Music: Valhaila & Mozart's Tomb

Despite the claims of such chic newcomers as Spoleto, Europe's two most important music festivals remain Salzburg and Bayreuth. As they opened last week—Bayreuth with new productions of all four operas of Richard Wagner's Ring, and Salzburg with a new Festspielhaus reputed to be the world's most technically advanced theater—both festivals were musically still far ahead of most other summer fare, but seemed disappointing compared to the success of past seasons.

At Bayreuth, Wagner's grandson Wolfgang was up. to his old tricks: stripped down, sparsely lighted productions designed to free the stern old gods of Valhalla from heavy, cardboard-shield and plaster-throne cliches. But by now, this once revolutionary style has produced some bothersome clichés of its own. The basic stage set of last week's Ring was an eight-ton, segmented concave disk looking somewhat like a huge radar antenna. In the second and fourth Rheingold scenes it was used intact, tilted toward the audience to suggest the rugged slopes of Wotan's mountain home; in other scenes the disk's movable segments represented a cave or a hut.
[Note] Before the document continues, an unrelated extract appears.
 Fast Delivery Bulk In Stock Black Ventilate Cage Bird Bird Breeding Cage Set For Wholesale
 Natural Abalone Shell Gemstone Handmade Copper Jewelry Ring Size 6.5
Despite such simplicity of design, stage movements throughout most of The Ring were so statuesque that they suggested oratorio rather than opera. Realism was often ludicrously mixed with abstraction; when Mime helped to fashion a sword for Siegfried out of a magic potion, he matter-of-factly cracked two eggs into the potion as if following a recipe by Gayelord Hauser. Worst of all was the lighting, which was so murky that it came close to achieving Richard Wagner's stated ideal: "Now that I have created the in visible orchestra,* I would like to invent the invisible stage."
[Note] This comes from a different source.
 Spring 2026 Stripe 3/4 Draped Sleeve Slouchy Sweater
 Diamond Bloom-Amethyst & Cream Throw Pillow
What redeemed Bayreuth's Ring was the first-rate musical performance by Conductor Rudolf Kempe and his singers, among them Birgit Nilsson, Aase Nordmo Loevberg, Hermann Uhde, Jerome Hines. While the stars bore familiar names, the surprises of the festival were provided by the talented newcomers. Among them: Berlin-born Anja Silja, 20, singing Senta in The Flying Dutchman, who first came to Bayreuth four years ago as a visiting teenager; Texas-born Thomas Stewart, 32, who was selected for the impressive role of Amfortas in Parsifal after illness forced George London to cancel; U.S. Conductor Lorin Maazel, 30, who accounted for a fine reading of Lohengrin, thus becoming the first American and the youngest conductor of any nation in the Bayreuth pit.